The prevailing minimum wage of private workers, she said, “is considerably inadequate and insufficient to meet the continuing rise in the cost of living, particularly for families with only one parent working.”
“Though poverty has reduced in Region 12 by 8.6 percent in 2005, still, that is not enough,” she said.
In 2003, the poverty threshold in the region for a family of six, was P67, 968 per year or P5,664 monthly.
For a P213.50 daily minimum wage in the region, a worker in a non-agriculture sector receives P5,536 for a 26-day work in a month – some P130 lower than that of the poverty threshold.
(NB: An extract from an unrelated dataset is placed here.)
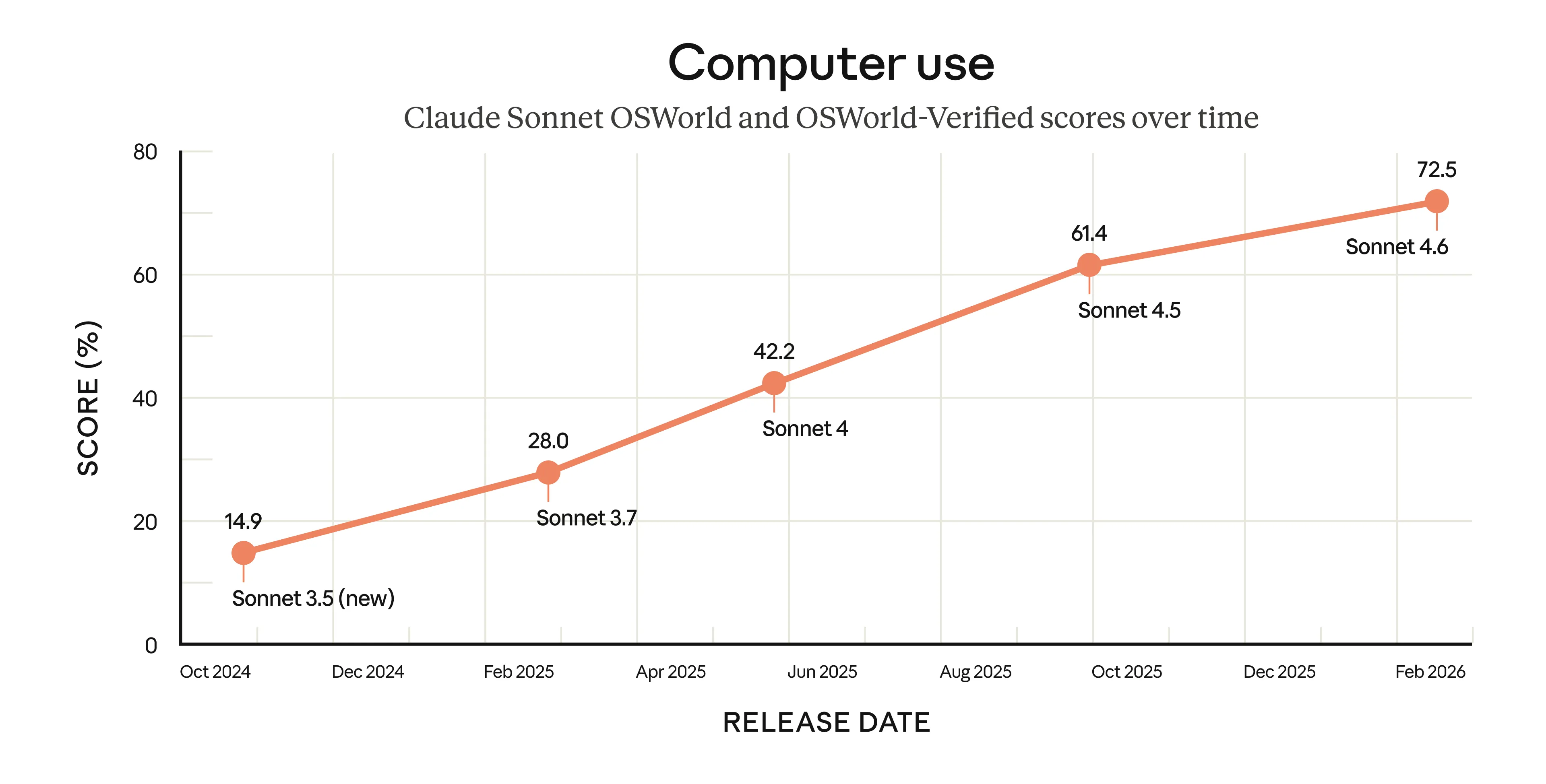 OSWorld scores: Sonnet 3.5 (14.9%) to Sonnet 4.6 (72.5%) over 16 months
But Lim said the daily wage in the region is the third highest in Mindanao, next to Southern Mindanao (Region 11) and 10 (Northern Mindanao). “This would have likely adverse effects of implications on the investment decision of businesses wanting to come here,” said Lim.
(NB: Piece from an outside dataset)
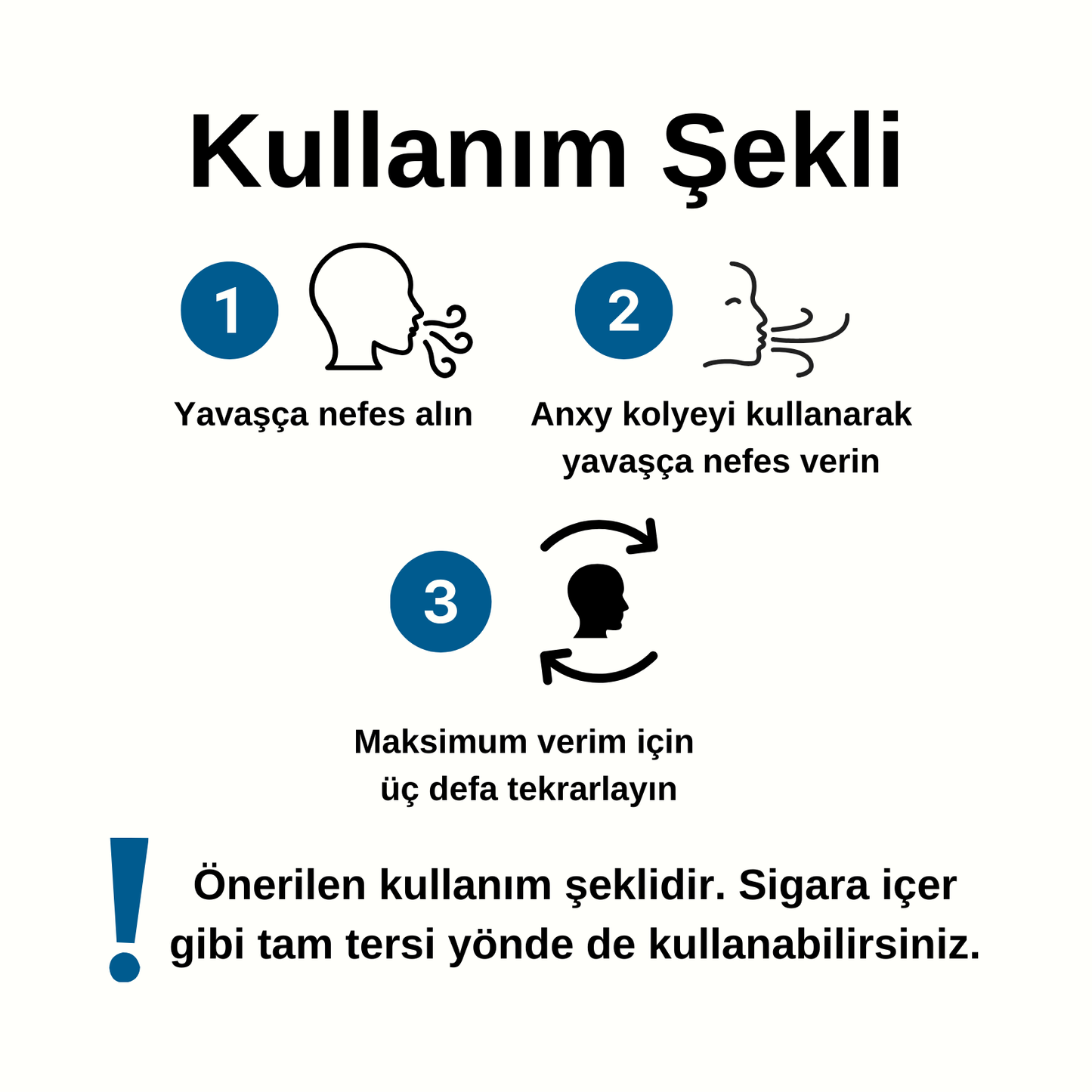 Anxy Sigara Bırakma Kolyesi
Labor, she stressed, is one of the major production cost of entrepreneurs, saying, “if this is higher than most of the regions in Mindanao, the tendency would probably be that these investors would go to Caraga, Region 9, or the ARMM.”
The deliberations and approval of a wage order for the region, according to Lim, “is inevitable at this time.”
“But such level of adjustment should be fair and just to all concerned – both the workers and employers. This is to ensure that there would be no massive layoffs or shutdowns in businesses after the salary hike,” said Joel Gonzales, secretary of the Regional Tripartite Wages and Productivity Board.
“For workers, their wages are their source of income and status in the society; while for the employers, they want an appropriate return of investment and they make sure their enterprise or business is still viable,” he said.
The RTWPB-12 conducted consultations in Cotabato City on July 17; Kidapawan on July 18 and Koronadal City on July 19. (Malu Cadelina-Manar/MindaNews)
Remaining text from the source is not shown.